The characters depicted in the novel are real life historical figures, and quite a few did not make it before the Armistice. I was surprised to see old mate Robert Graves in here, who actually suggested that Sassoon be committed into the hospital for being shell-shocked. I was surprised to know that this happened in real life, among many things in this book. Rivers, the psychiatrist, was also a real person who advanced the field of psychology at the time, especially in treating traumatised soldiers.

Image by Goodreads

I felt like there was no such thing as a plot here, although there are two focal characters — Sassoon and Rivers, but the chapters meander loosely to the soldiers and civilians around them. As such, the book is Barker’s attempt to portray the psychology of war at the epoch, and though the book is short, she covers a lot of ground. Should the war be fought on moral grounds? Rivers and Sassoon spar every time, the former a pacifist who cannot see the purpose of it, as he publicly states in his letter; and the latter believing that the war must be fought for the next generation’s posterity. How do soldiers approach sex? We get to see a bit of this in Prior’s relationship with Sarah, who also has her own trauma from the war. Where does art fit in the war? The poets chat and tussle with each other on wordings of poems — real poems that have been published. To them, writing and poetry is not merely a means to rationalise, but also a cathartic necessity.

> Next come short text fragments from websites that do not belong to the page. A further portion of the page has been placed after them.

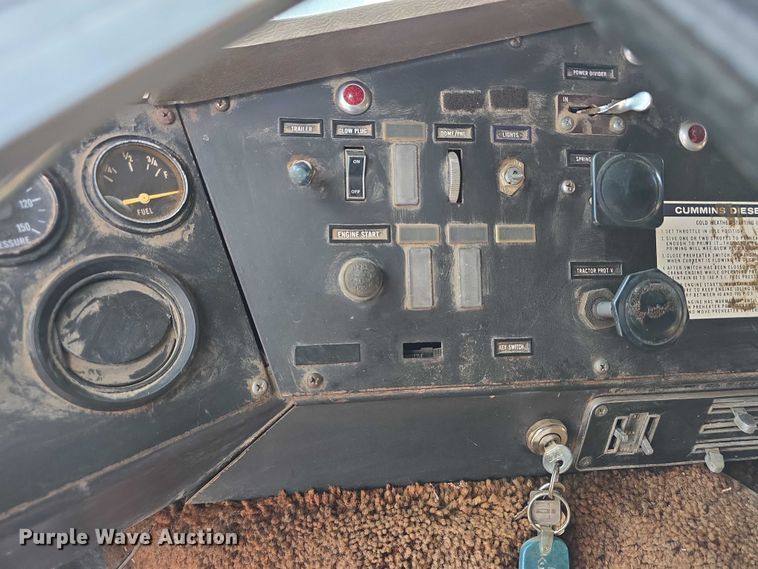 image for item DP8837 1979 International Transtar II semi truck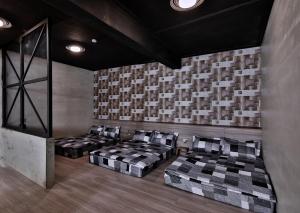 a room with two beds and a wall with blocks at 幸福滿屋 台南6人至40人包棟包層民宿 中西區花園 夜市附近住宿3分鐘 in Tainan +23 photos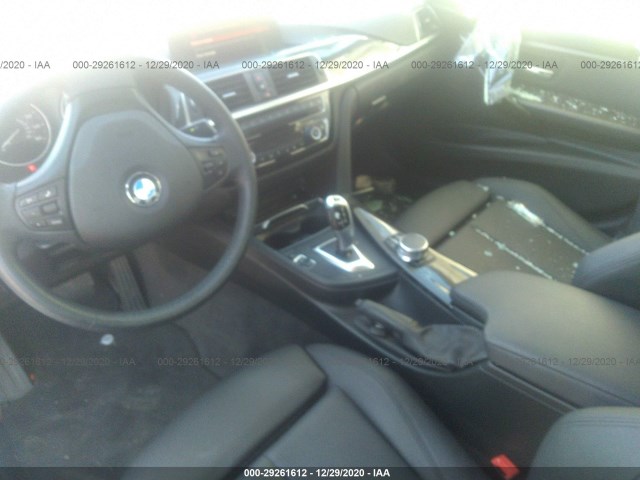 Photo 4 VIN: WBA8E5G50JNU46587 - BMW 320I 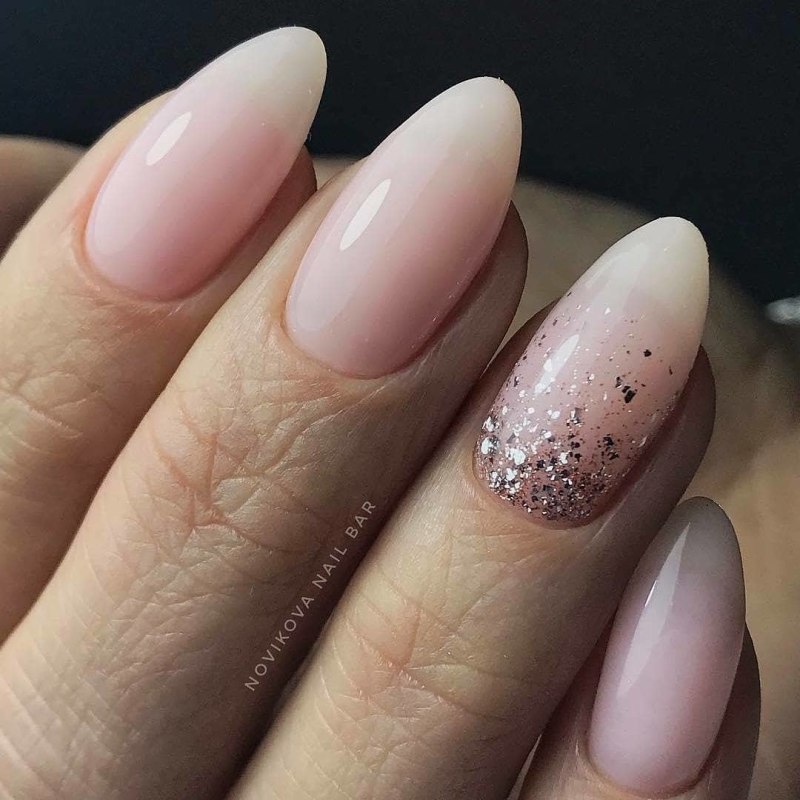 Нюдовый маникюр миндаль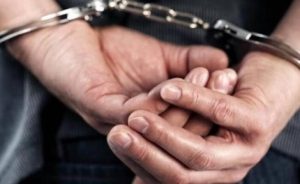 Yer Lefkoşa…. Sarhoş kafayla acili birbirine kattı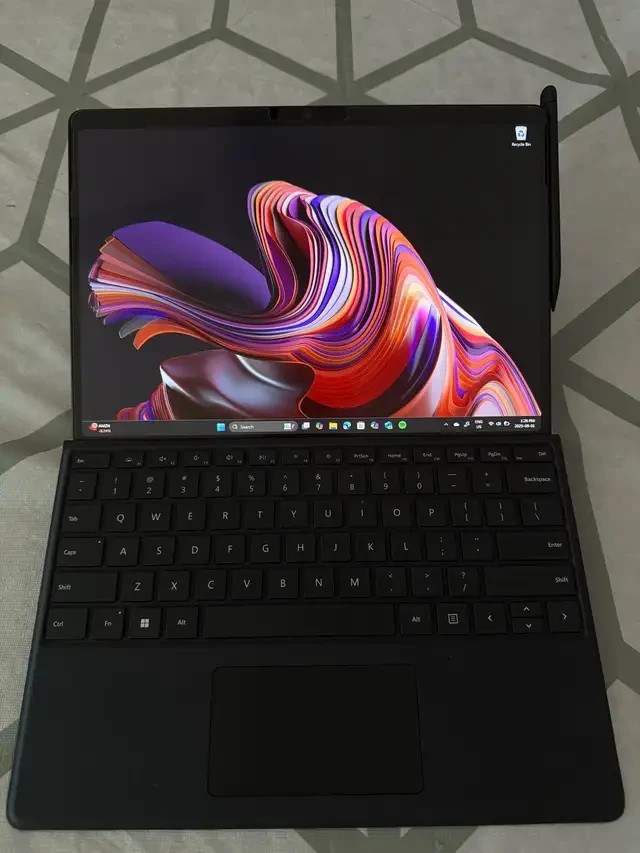 Surface Pro 11 OLED 16GB/512GB + Pen 2, Keyboard, Case, Screen prot – Like new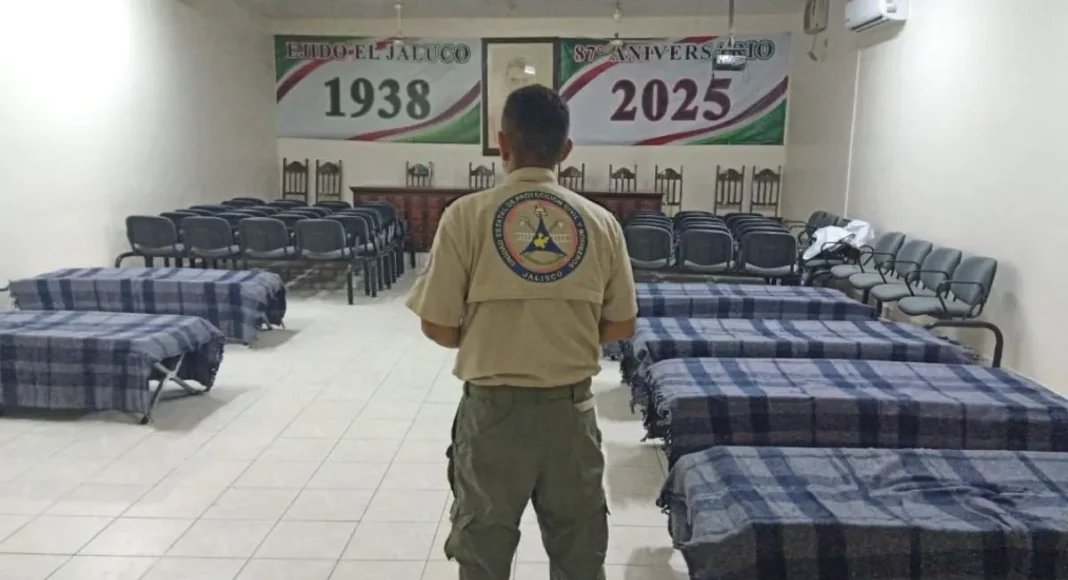 Habilitan refugios por daños de tormentas en Veracruz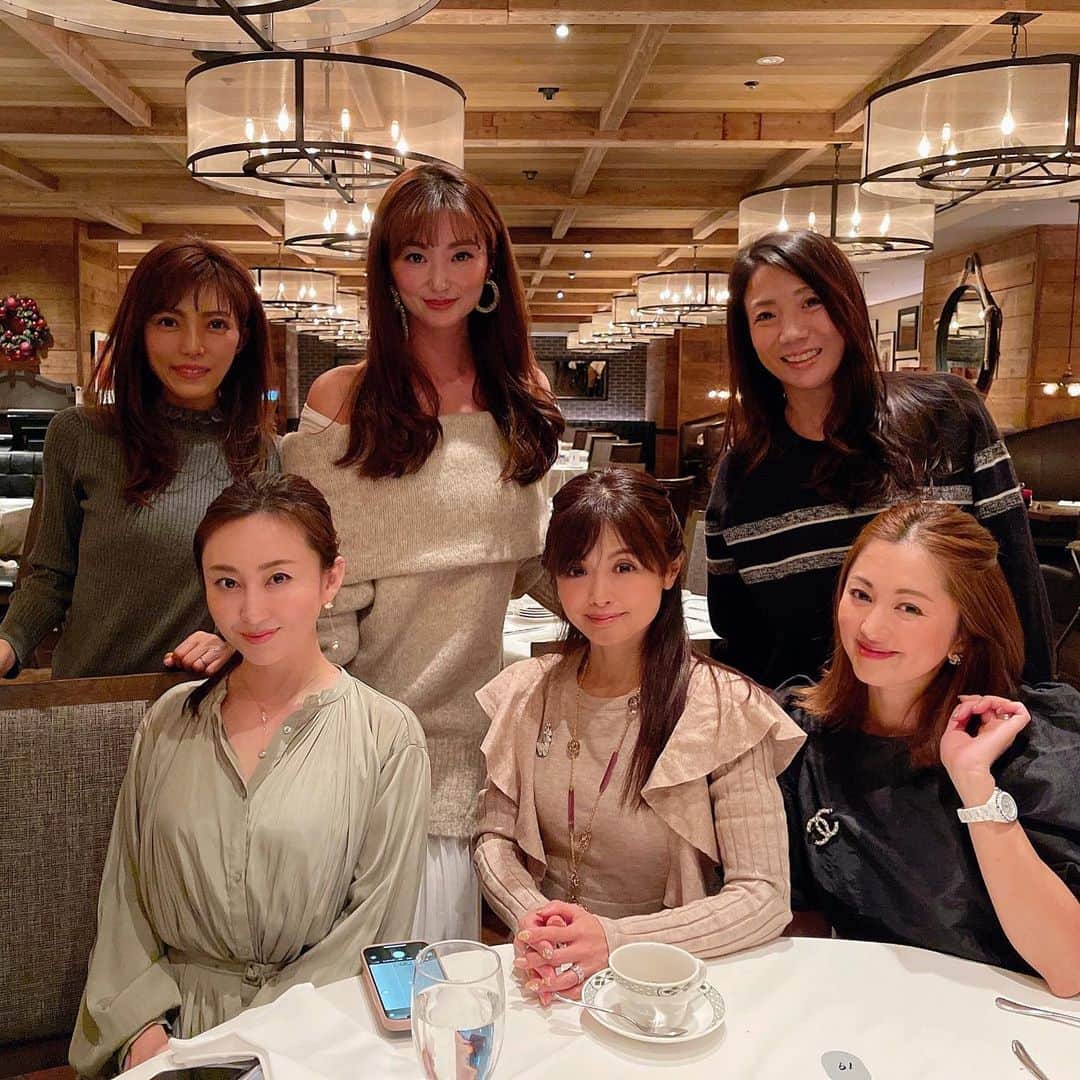 MAMIさんのインスタグラム写真 - (MAMIInstagram)「ロウリーズプライムリブで クリスマスランチ🎄  期間限定の seasonal ランチがとても 美味しかった〜❤️ 前菜でお腹パンパン  娘が赤ちゃんの頃から みんなで子連れでわいわい 季節のイベントを 楽しんできた仲良しメンバー (懐かしのmixiのママサークル！)  いつのまにかみんな中学生に なってもいつもママだけ集まってる　素敵な時間の重ね方に感謝です。  皆様素敵な日曜日を❤️  #クリスマス #Xmas #ローストビーフ #女子会 #気づけば12年 #mixi #中学生ママ #アラフォー #ランチ #instafood  #instagood」12月20日 9時57分 - mami_rcj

Most importantly, the novel deals with trauma — deciphering each soldier’s colourful and singular issues, raking into their stories of how they just ‘lost it’. It is not an instant reaction of repulsion or an explosion of emotions which breaks down a soldier, but the wear and tear of the small unsurmountable challenges overtime — the shells in the night, the muddy boots, the endless rain, inevitable lack of sleep — that runs them down into what we know as a breakdown. Psychology is young at the time and Freud’s theories and practices are novel but highly regarded. On the other side of the coin, there are more extreme means. The novel deals wonderfully into the contradictory ethics of trying to heal a soldier, so that he may be sent away again to his death.

It is hard to read at times, but in general, the novel is drily writ. For such a heavy subject matter, I rarely felt the gravity. I suppose you’d need to read between the lines for that — the convalescent soldier, Burns, who wound up one night in the middle of nowhere, unable to wake from a dream. The screaming soldiers in the night, the seething rage over lost games of golf, the sexual frustration. And perhaps the novel suffered a little from this cold tone and the lack of focus.

The novel’s title refers to an experimental treatment where a patient’s radial nerve is severed and sutured, and the healing is closely observed. The effect of this is adverse, as the patient ends up feeling an enormous amount of pain all over his body from something simple as pin prick. The treatments of the patients seem to have this same effect, where at some point, as the nerve regenerates and sensation returns to the nerves, the smallest things can trigger the patient. Is there a point therefore to the attempt to “regenerate” the patients, as some of these patients will not recover even after having been discharged?

But we can take the novel as the bickering viewpoints of Sassoon and Rivers. It was Sassoon’s duty to regenerate Sassoon, to convince him to go back to his troops. But the more he discourses with Sassoon, the more he felt self-contradictory — why send the young men to die for whom we were meant to save for future generations? Rivers himself is no longer a young man in the novel and that is an important factor. Who is regenerating who?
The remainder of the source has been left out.